Quando nell’estate del 1971 si ruppe il sistema dei cambi fissi, la politica economica dell’Italia si fondò su un perverso, per quanto efficace, binomio di svalutazione e inflazione. Eppure, ciò ha consentito al nostro Paese di avere una crescita squilibrata ma sostenuta. Quando nel 1998 l’Italia è entrata nell’euro, ha perso gli strumenti di politica economica che aveva fino allora utilizzato: tasso di cambio e tasso d’interesse, oramai stabiliti a Francoforte e non più tra via Nazionale e via XX Settembre. Se per 25 anni la crescita del nostro Paese è stata ben al di sotto dei nostri principali concorrenti, forse lo si deve a ciò.
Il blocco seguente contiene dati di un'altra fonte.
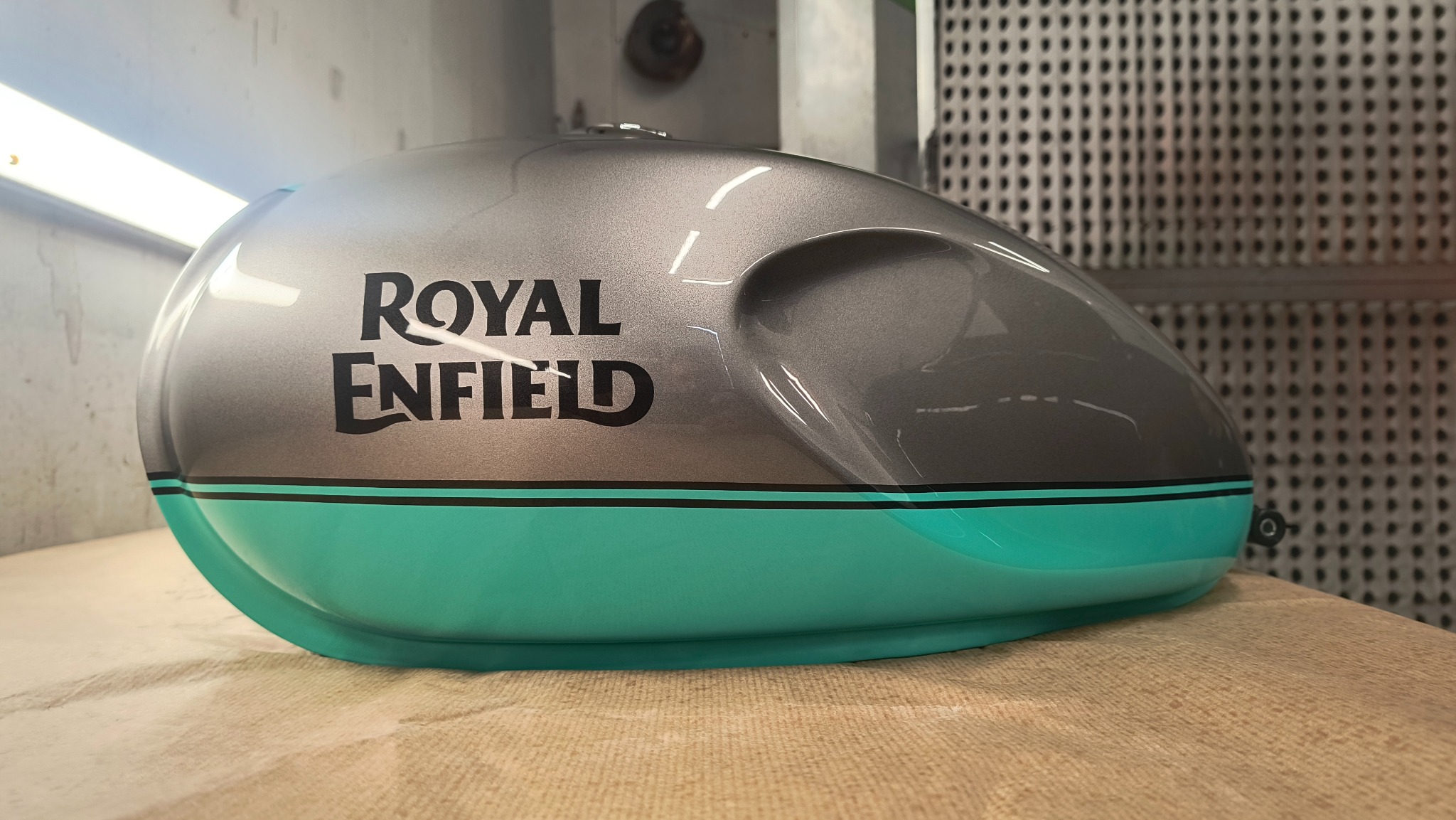 Pomalowany zbiornik paliwa motocykla Royal Enfield w kolorze szaro-turkusowym z czarnym logo, leżący na stole w warsztacie. Widoczne detale lakieru i precyzja wykonania.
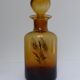 Decorated and signed perfume bottle, brown glass, painted "by hand Clary Paris"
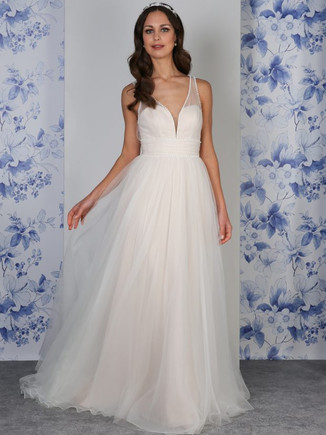 The soft, romantic Penny gown features smooth draping satin for a luxurious lining, with an overlay of floaty organza and tulle. Delicate tulle pleats create a gathered, wide sash to pull in the waistline. The gathers continue over the sheer illusuion straps, while the sweetheart bodice is fully lined with boning and padded cups for support. A beautifully simple, flattering shape give this gown a timless look, lined with a subtle rows of dainty pearls for a perfect, elegant finish.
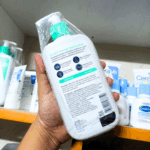Back view of CeraVe Foaming Facial Cleanser bottle showing ingredients and product details.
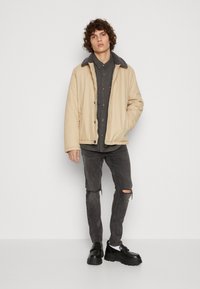 Chaqueta acolchada beige con un cuello forrado de piel gris, combinada con una camisa negra de botones y unos jeans negros rasgados, completada con unos zapatos negros voluminosos.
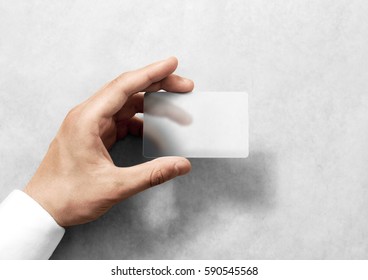 Hand hold blank translucent card mockup with rounded corners. Plain clear call-card mock up template holding arm. Plastic transparent acrylic namecard display front. - Shutterstock ID 590545568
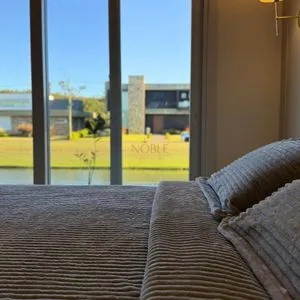Casa de Condomínio com 206m², 4 dormitórios, 4 suítes, 2 vagas no Reserva das Águas em Torres para Comprar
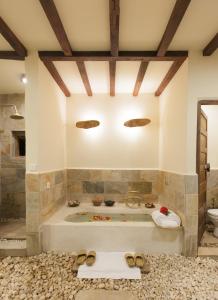 a large bathroom with a tub with shoes on the floor at Dwarika's Resort - Dhulikhel in Dhulikhel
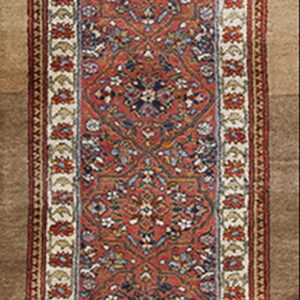 Runner rug featuring a dense red and blue traditional geometric pattern with wide floral cream borders.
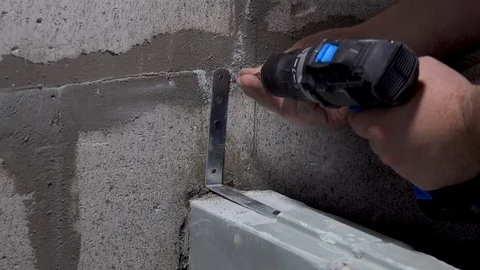 Worker screws a corner to the wall with a screwdriver Stock Footage 115420071
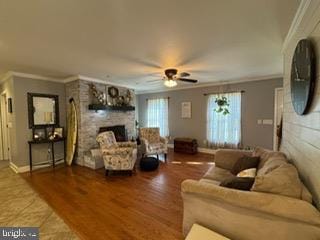 living room featuring hardwood / wood-style flooring, ceiling fan, and ornamental molding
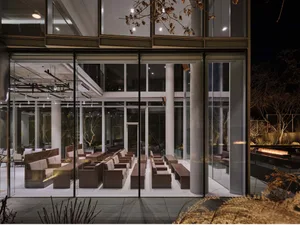 Modern glass and concrete waiting area with seating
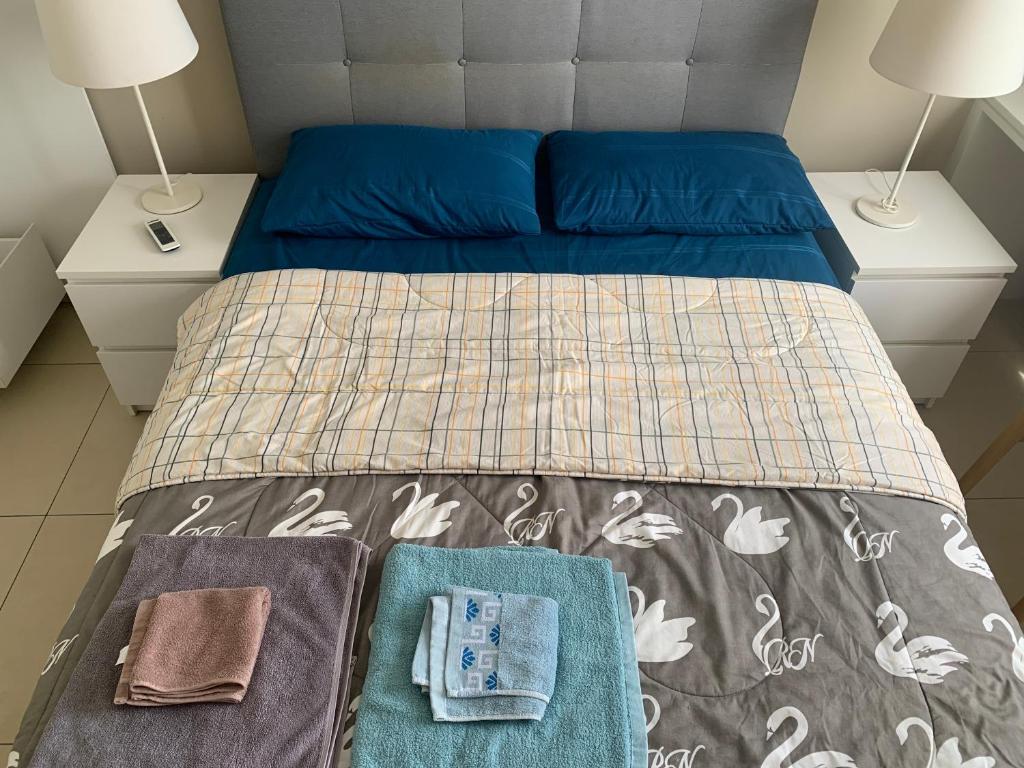 Postel nebo postele na pokoji v ubytování Unixx south pattaya best sea view high floor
CI CHIEDIAMO SPESSO che cosa avrebbe detto Caffè degli eventi successivi alla sua scomparsa, ma forse non bisognerebbe interrogare gli oracoli. Posso solo dire che di questi argomenti ho avuto il privilegio di parlare con lui quotidianamente dal 1976 in poi: ero solo uno studente, e da grande maestro qual era, prima ancora che indottrinarmi cercava di farmi capire come operavano le variabili macroeconomiche.
Era scettico sull’Unione europea, senz’altro, ma sapeva anche ascoltare le obiezioni ingenue di una matricola: «senza integrarsi nel Mercato comune, l’Italia non rischia di rimanere in balia dei forchettoni del centro-sinistra?», «se continuiamo ad avere il monopolio dei telefoni, ci sarà mai qualcuno che si degnerà di rispondere all’ufficio reclami?», «se lasciamo la televisione in mano alla Rai, vedremo mai in tv qualcosa di diverso dalle gemelle Kessler?». Caffè allargava le braccia e rammentava che era necessaria una schiatta di politici che fossero prima di tutto bravi amministratori. Beh, il più promettente tra tutti loro era un tale Mario Draghi.